Inoltre, su richiesta di Pedon, il cartoncino ottenuto dal fagiolo è stato certificato per gli alimenti sia in Europa sia negli Usa. Ed è la prima carta per imballaggi, che contiene scarti di lavorazione industriale, a esserlo. Un primato che – oltre ad avere un certo fascino – ha anche due aspetti qualificanti. Grazie a questa certificazione i fagioli, quelli destinati alle tavole, non necessitano d’essere imbustati prima del confezionamento finale. Risultato: un rifiuto in meno e risparmio economico per l’azienda. E non è finita. La cellulosa vergine è rigorosamente certificata Fsc (Forest Stewardship Council), la finestrella trasparente che consente di vedere il prodotto è in Pla – una plastica d’origine vegetale derivata dal mais – e per la stampa, effettuata dalla cartotecnica Lucaprint, sono stati utilizzati inchiostri d’origine vegetale. La scatola, quindi, è totalmente riciclabile nella filiera di carta e cartone. Prova ne è che gli scarti di produzione della carta Crush Fagiolo – il 10% del totale – rientrano subito nel ciclo di produzione di Favini. E ciliegina, anzi è il caso di dirlo, fagiolino sulla torta è il fatto che tutti e tre gli stabilimenti usano al 100% fonti d’energia rinnovabile. E il clima ringrazia il fagiolo visto che, solo nella fase di realizzazione del packaging, l’impiego di fibra di cellulosa vergine è ridotto del 15% e le emissioni di CO2 del 20%.

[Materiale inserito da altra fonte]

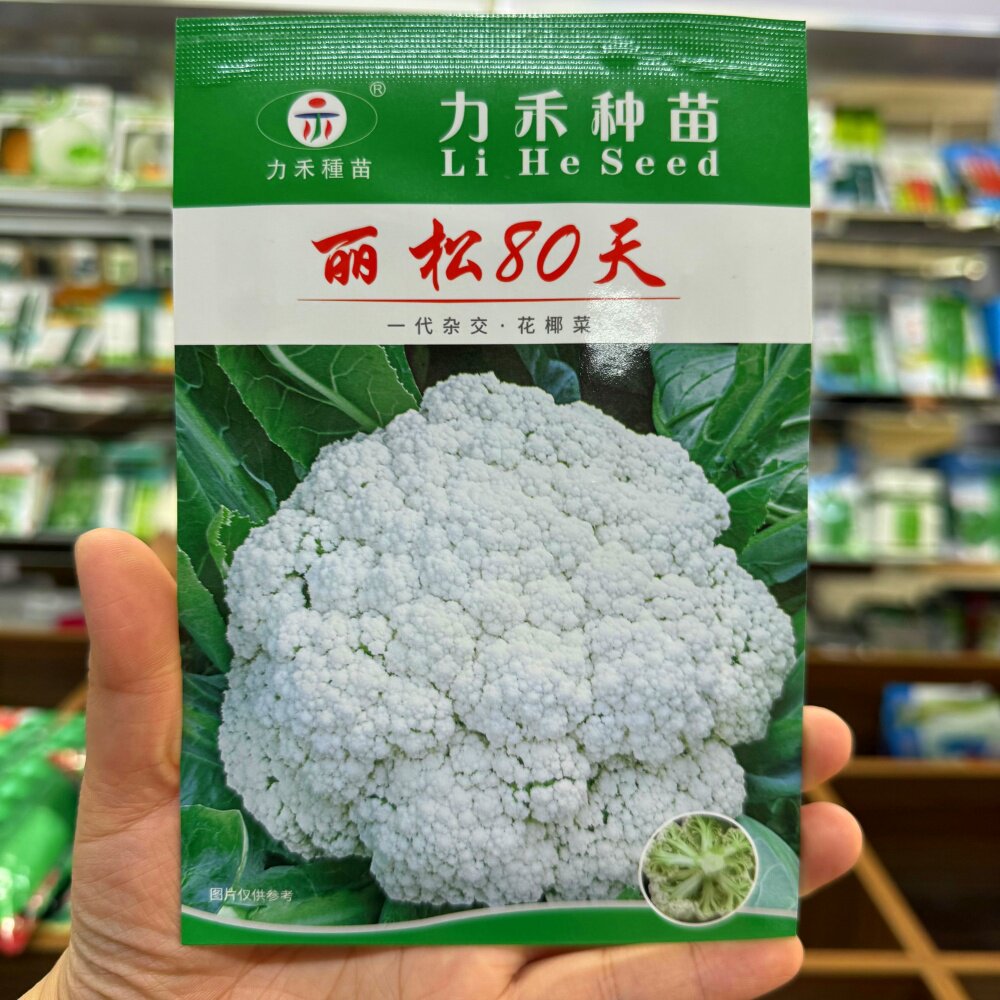 丽松80天白花菜种子青梗花椰菜松花菜种籽大田基地春秋播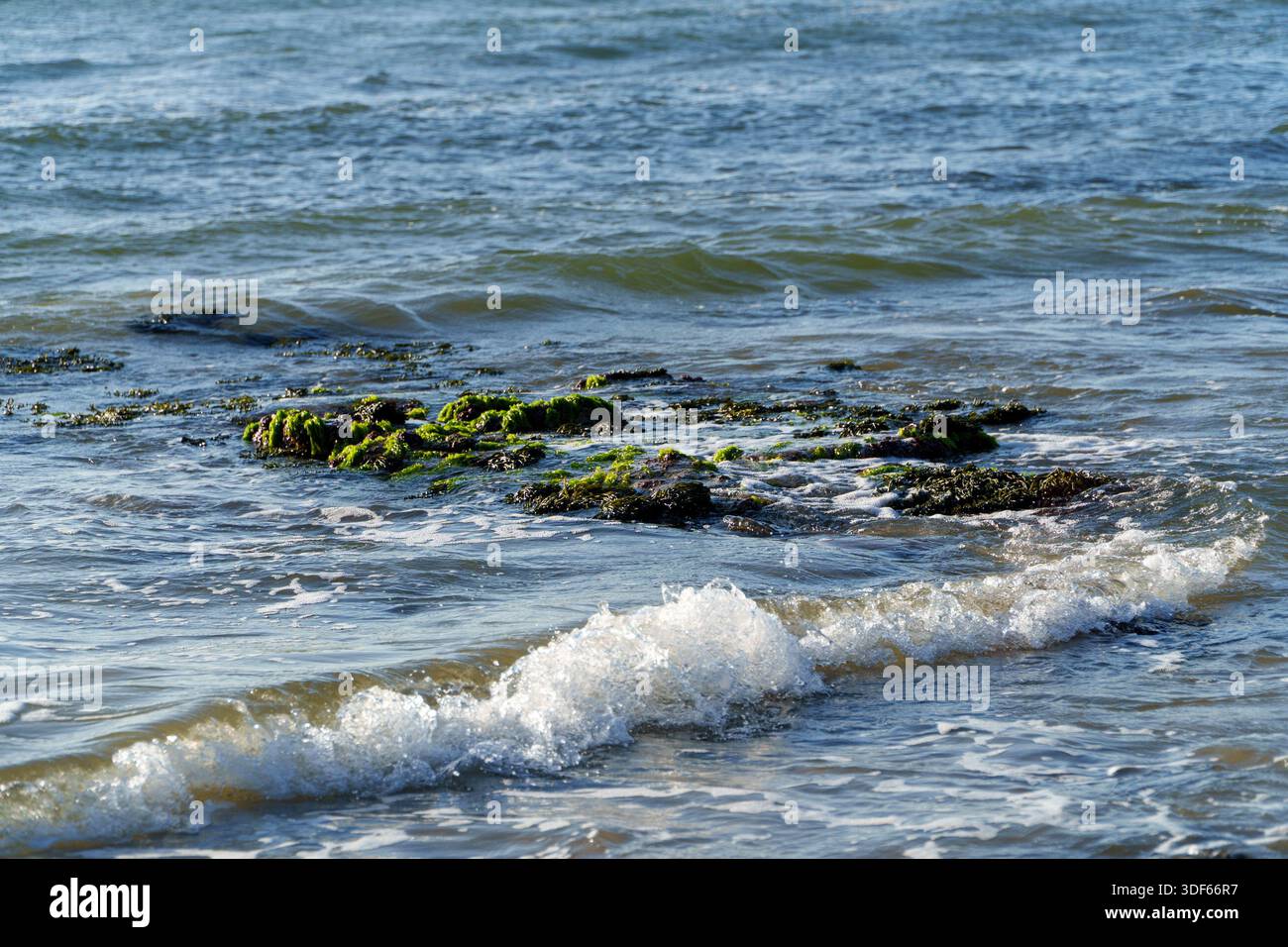 Waves crash over algae-covered rocks and dark seaweed in the shallow ...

Non si può trascurare, però, il conto economico. Ossia quanto costi mandare il nostro fagiolo in cartiera per migliorare l’ambiente.

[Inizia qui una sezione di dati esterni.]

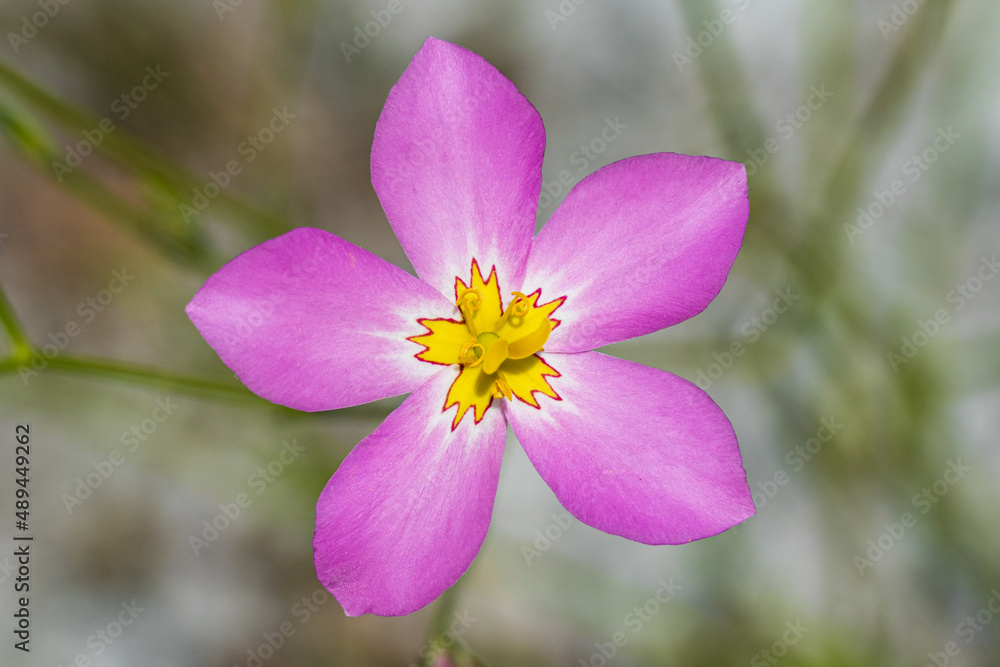 Fototapeta premium Rose of Plymouth a.k.a. marsh pink flower (Sabatia stellaris), closeup - Inverness, Florida, USA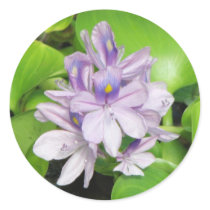 Water Hyacinth stickers by princessklb07 Water Hyacinth stickers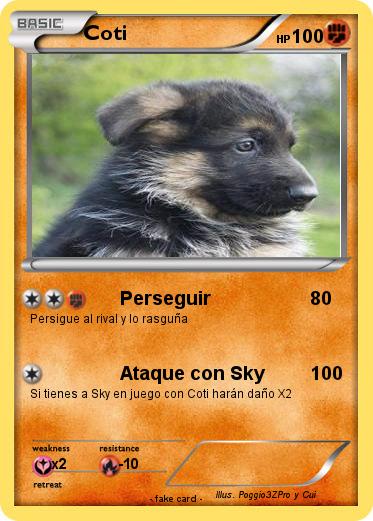 Pokemon Coti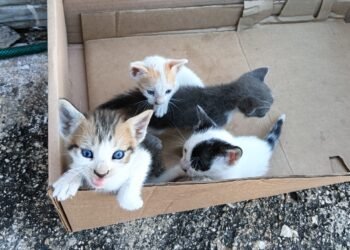 ¿Adoptaste un michi? Su historia te puede dar boletos gratis para el concierto de Shakira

Dal punto di vista strettamente economico il confezionamento dei legumi così fatto è ancora lievemente più caro di quello tradizionale. Parliamo di qualche centesimo di euro per ogni contenitore, cosa però che se viene moltiplicata per centinaia di migliaia di contenitori possiede un certo impatto economico. “Per noi è un costo i cui vantaggi vengono riconosciuti, specialmente all’estero, dai nostri clienti che apprezzano i contenuti legati alla sostenibilità che possiede questo packaging” conclude Luca Zocca. “E non siamo i soli a dirlo: una serie di ricerche di mercato hanno verificato nei fatti l’esistenza di consumatori che in tutto il mondo apprezzano contenuti etici e sostenibili. Anche a costo di qualche sovrapprezzo in più.”
C’è da dire che l’utilizzo di questi contenitori, però, è ancora basso e a Pedon contano di ridurre la differenza di costo tra queste confezioni e quelle tradizionali grazie alle economie di scala introdotte da una produzione più ampia. E se l’inizio della corsa del nostro fagiolo nell’arena dell’economia circolare è stato questo, è anche lecito pensare che il traguardo della parità di costo sia più vicino di quanto possiamo immaginare.